#### [What this task involves]
Starting at the line that contains "Merkez bankası, bir", write out every line through the last one in the records below, word for word. Leave out any pictures.

Image-caption web data:
# # # # # # #
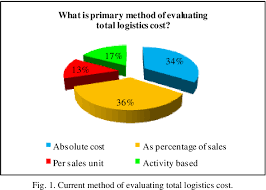 Directory of malaysia logistics companies, malaysia warehousing companies and third party logistics(3pl) providers serving the malaysia market. Pdf Logistics Cost Accounting And Management In Malaysia Current State And Challenge Semantic Scholar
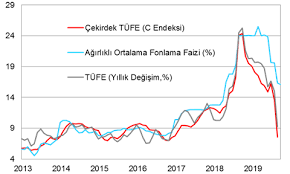 Merkez bankası, bir hafta vadeli repo ihale faiz oranını (politika faizi) 325 baz puan düşürerek yüzde 19,75'ten yüzde 16,50'ye çekti. Turkiye Ekonomisi Makroekonomik Analizler Ziraat Bankasi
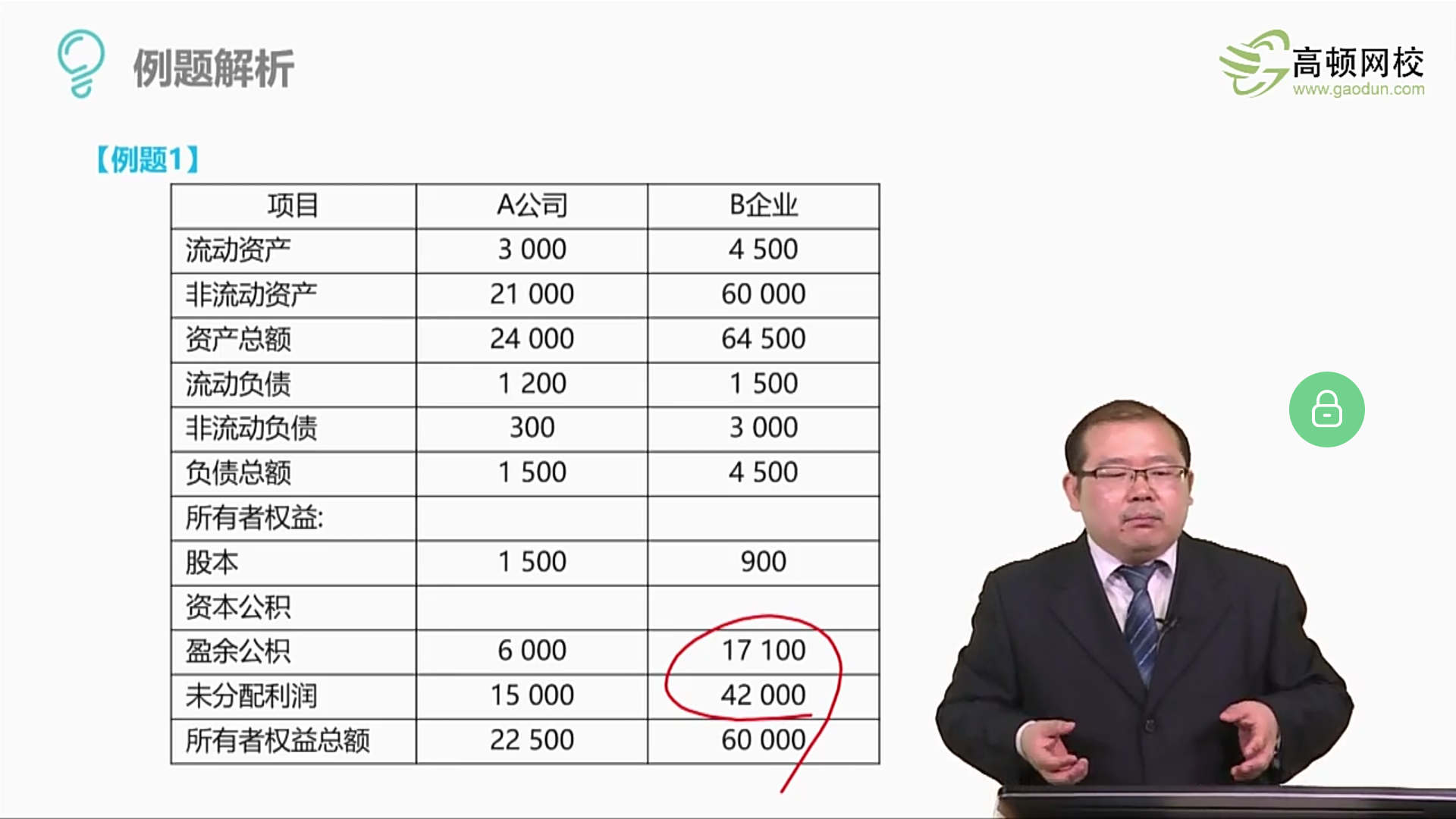 资产总额= 资产总额=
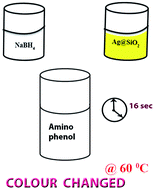 Graphical abstract: Rapid hydrogenation: perfect quasi architecture (Ag@SiO2NPs) as a substrate for nitrophenol reduction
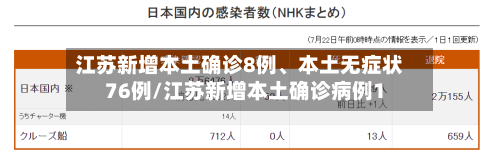 江苏新增本土确诊8例、本土无症状76例/江苏新增本土确诊病例1-第3张图片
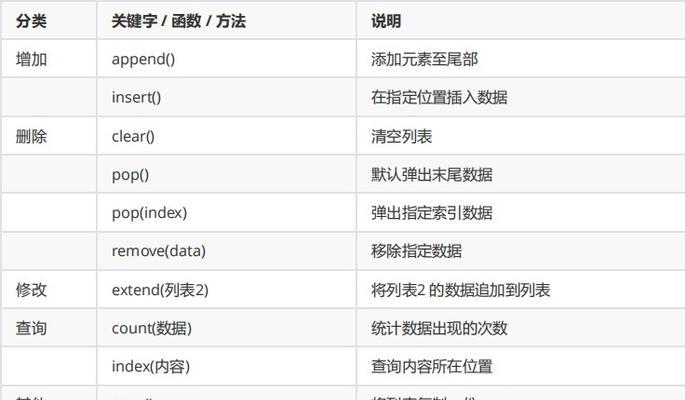 Python中append函数的妙用——为列表添加元素的利器（探索Python中append函数的用法及其）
# # # # # # #
#### [Solution for this problem]
 Merkez bankası, bir hafta vadeli repo ihale faiz oranını (politika faizi) 325 baz puan düşürerek yüzde 19,75'ten yüzde 16,50'ye çekti. Turkiye Ekonomisi Makroekonomik Analizler Ziraat Bankasi
 资产总额= 资产总额=
 Graphical abstract: Rapid hydrogenation: perfect quasi architecture (Ag@SiO2NPs) as a substrate for nitrophenol reduction
 江苏新增本土确诊8例、本土无症状76例/江苏新增本土确诊病例1-第3张图片
 Python中append函数的妙用——为列表添加元素的利器（探索Python中append函数的用法及其）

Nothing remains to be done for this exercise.